Comments on economics, mystery fiction, drama, and art.

Monday, November 08, 2004

The Backman Affair

So the Arizona Diamondbacks hired Wally Backman to be their manager, then fired him when several brushes with the law (in its various forms--assault, DUI, bankruptcy) came to light.

I have very mixed feelings about employers using a potential employee's legal record as a criterion on which to make hiring decisions, particularly for people who have completed their obligations (including punishment) under the law. After all, if people with records cannot get hired in decent jobs, then their ability to earn a living is (perhaps arbitrarily) reduced, and the probability that they might turn to illegal activities may well increase.

In Backman's case, of course, the real issue is that he failed to disclose his record to the Diamondbacks. Then again, as an article at makes clear, if he had told them, he would not have been offered the job. So there was no way for him to win.

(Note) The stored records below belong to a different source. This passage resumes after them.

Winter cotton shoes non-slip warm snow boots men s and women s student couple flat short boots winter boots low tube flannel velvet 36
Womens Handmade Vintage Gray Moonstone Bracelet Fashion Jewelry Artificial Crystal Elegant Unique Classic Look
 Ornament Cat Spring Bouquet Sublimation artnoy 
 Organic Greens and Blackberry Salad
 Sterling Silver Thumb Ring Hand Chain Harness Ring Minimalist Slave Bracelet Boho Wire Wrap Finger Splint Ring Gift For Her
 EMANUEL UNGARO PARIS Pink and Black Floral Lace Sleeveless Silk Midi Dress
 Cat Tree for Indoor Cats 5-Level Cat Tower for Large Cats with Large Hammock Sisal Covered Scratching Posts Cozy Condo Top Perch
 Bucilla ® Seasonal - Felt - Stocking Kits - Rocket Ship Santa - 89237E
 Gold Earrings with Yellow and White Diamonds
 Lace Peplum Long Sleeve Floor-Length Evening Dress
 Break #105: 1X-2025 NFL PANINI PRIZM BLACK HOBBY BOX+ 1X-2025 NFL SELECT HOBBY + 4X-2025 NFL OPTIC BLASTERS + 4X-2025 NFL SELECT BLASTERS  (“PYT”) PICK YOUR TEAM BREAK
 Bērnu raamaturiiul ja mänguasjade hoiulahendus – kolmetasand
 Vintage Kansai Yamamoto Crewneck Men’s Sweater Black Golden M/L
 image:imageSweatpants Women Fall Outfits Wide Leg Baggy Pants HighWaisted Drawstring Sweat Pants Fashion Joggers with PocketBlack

And then the question is--was his record germane to his qualifications for the job? Would it lower his effectiveness, on-field or off-field, as a manager? As a spokesman for the Diamondbacks? Does his record predict a higher probability of future offenses, which might themselves make him unavailable to perform his job? If the answers to those questions are all "no," then do we think that the Diamondbacks would have acted appropriately not to hire him, had they known?

Too many unknowns. But, somehow, the conclusion that his past disqualifies him seems a little unfortunate, at least to me.